Primary LanguageJupyter Notebook

Know Your Food

Food is any nutritious substance that people eat/drink in order to maintain life and growth. But due to various reasons, almost every country in the world is facing the problem of an unhealthy/unbalanced diet among its people. Based on a World Health Organization's (WHO) study, approximately 1.7 million of deaths worldwide were attributable to low fruit and vegetable consumption in 2008. This makes one thing clear: nearly every global diet needs to change somehow. Despite the many challenges in studying nutrition, we already know what constitutes a healthy diet - Less processed foods and more fruits, vegetables, and whole grains.
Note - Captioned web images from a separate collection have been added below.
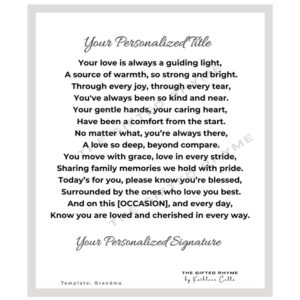 Poem for Grandmother (Grandma, Nana, or Nanny)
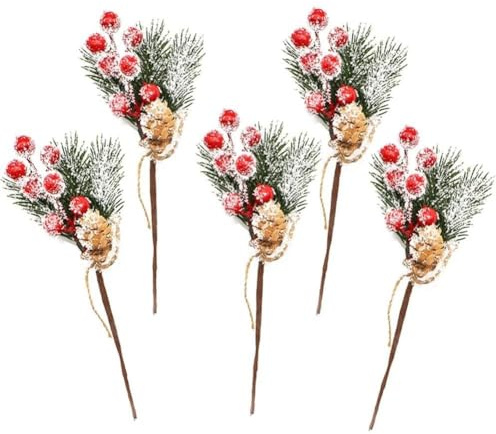WIIYENA 5/10 piezas de bayas de pino artificiales para decoración de Navidad, flor de acebo, adorno de ramas de Navidad, decoración de árbol de Navidad, bolsa de almacenamiento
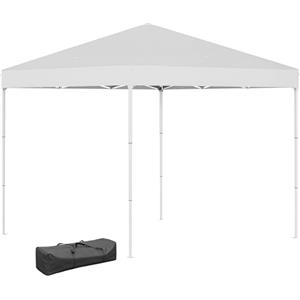 Outsunny Gazebo Pieghevole 2.5x2.5 m Pop Up con 8 Fori di Drenaggio e Borsa da Trasporto, Gazebo da Esterno in Acciaio e Oxford, per Giardino, Feste, Bianco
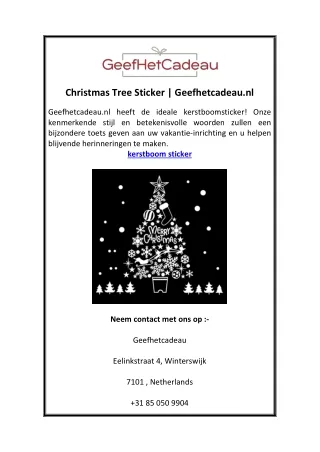 Christmas Tree Sticker | Geefhetcadeau.nl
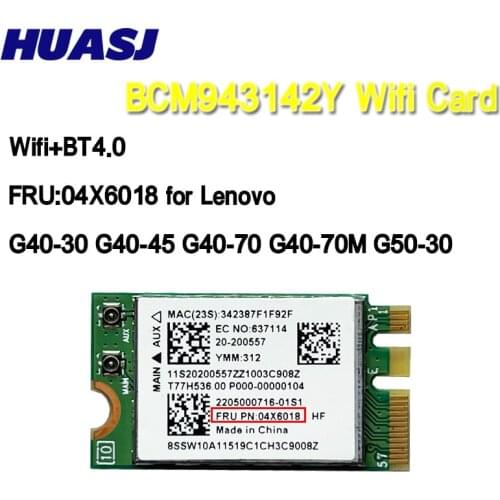 HUASJ Wholesale New for Broadcom BCM943142Y Wireless M.2 NGFF WiFi BT 4.0 for LENOVO G40-30 G40-45 G40-70 FRU:04X6018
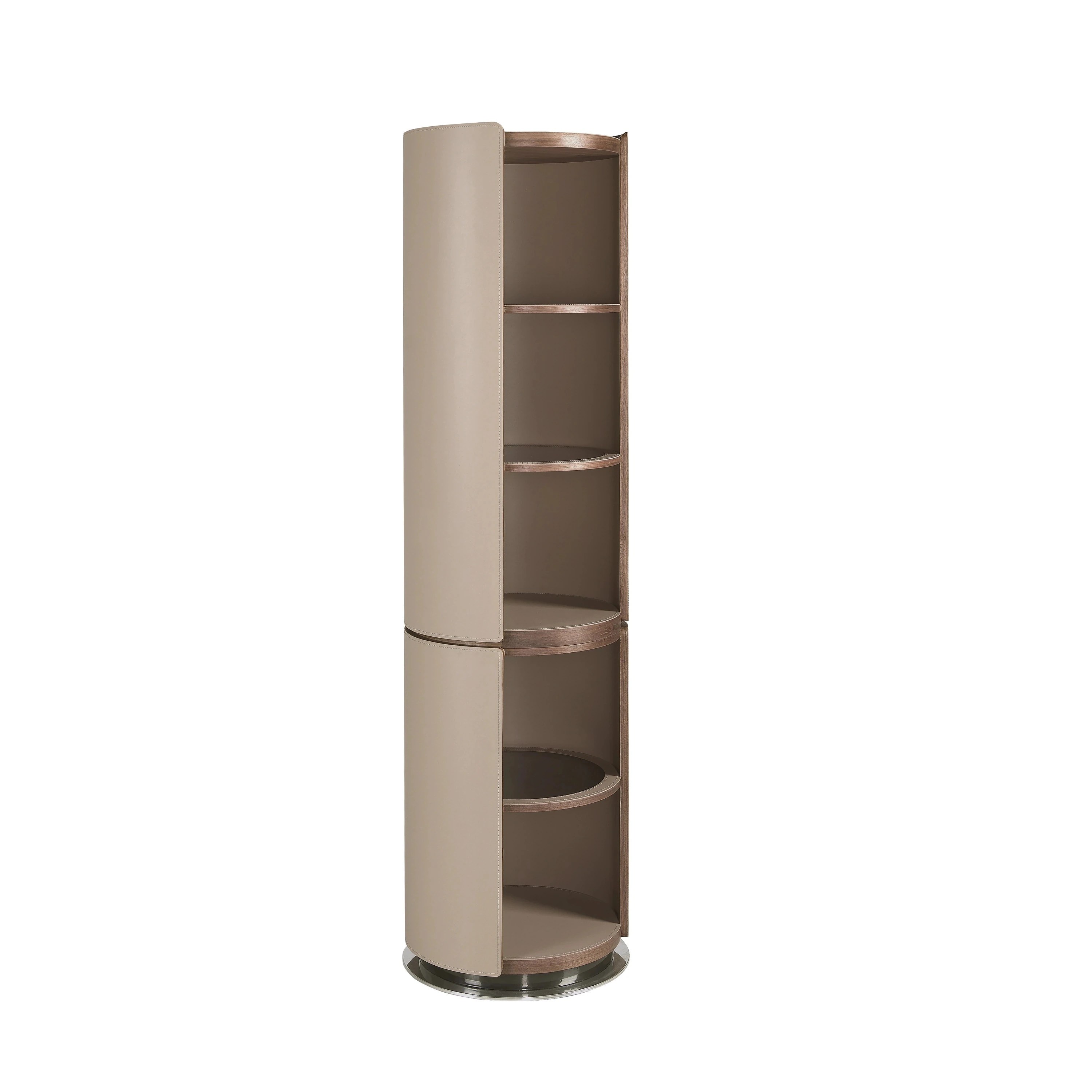Étagère noyer et similicuir taupe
Sometimes the inaccessibility of nutrition information plays a role in people's choice of food items. This project aims to provide this information in the click of an image so people are more aware of what constitutes their diet and choose their food more responsibly based on their dietary needs.
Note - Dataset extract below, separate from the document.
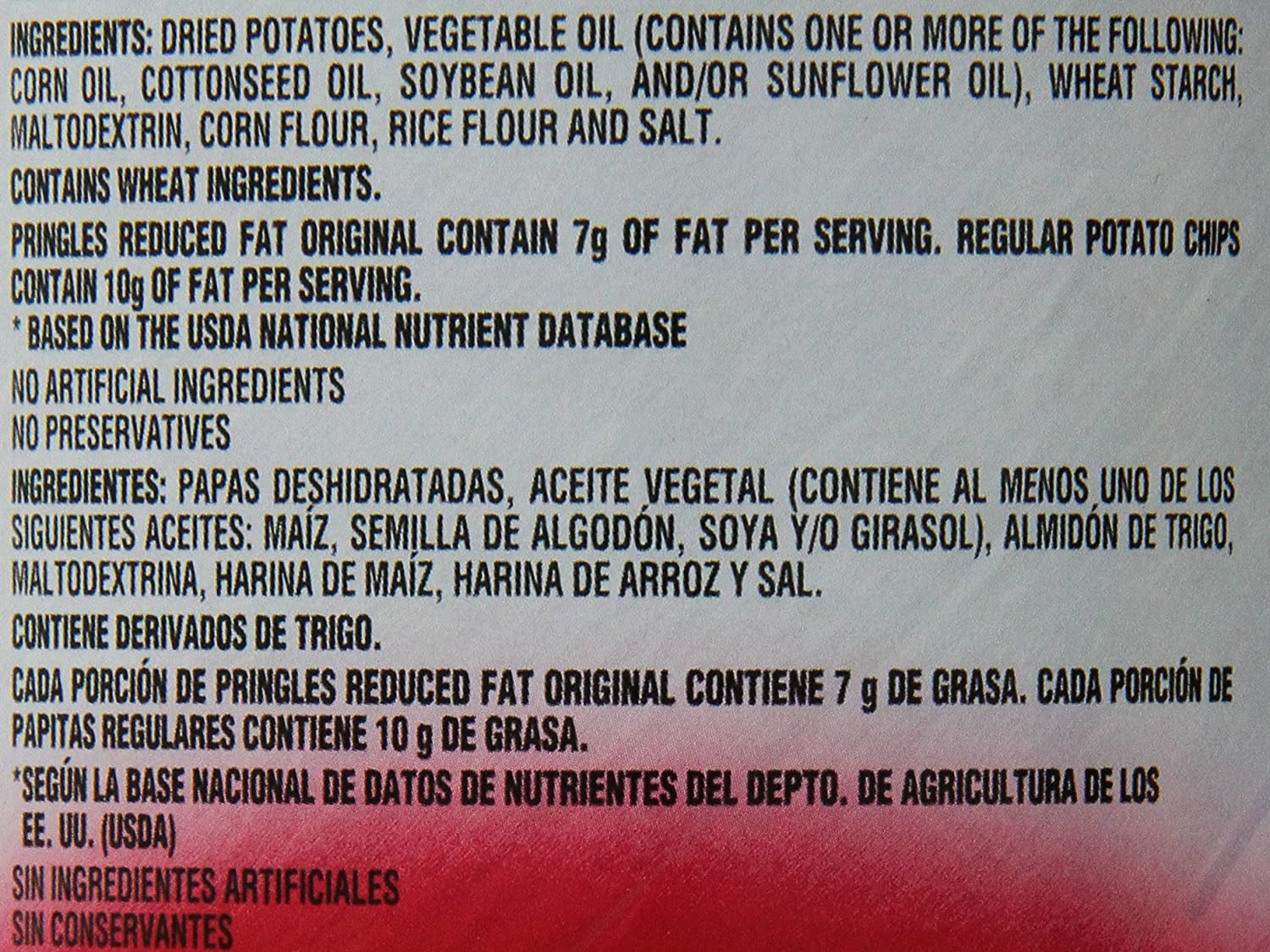 Pringles Reduced Fat Original Potato Crisps, 5.71 Oz.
Please note that in this demo we have built a model that is capable of identifying a single fruit/vegetable in an image (totally the model can identify 120 different fruits and vegetables) and thus is not exhaustive. The project can be extended to cover all possible food items such as dairy, meat, etc.

Getting Started

These instructions will get you a copy of the project up and running on your local machine for development and testing purposes.

Prerequisites

  1. PyTorch & TorchVision
  2. Intel OpenVINO Toolkit
  3. Python Imaging Library (PIL)

Dataset and API

The dataset available in this link on kaggle was used to build the model to classify fruits and vegetables. On the basis of the classification, its nutritional information will be retrieved in real time by calling a nutritional database API.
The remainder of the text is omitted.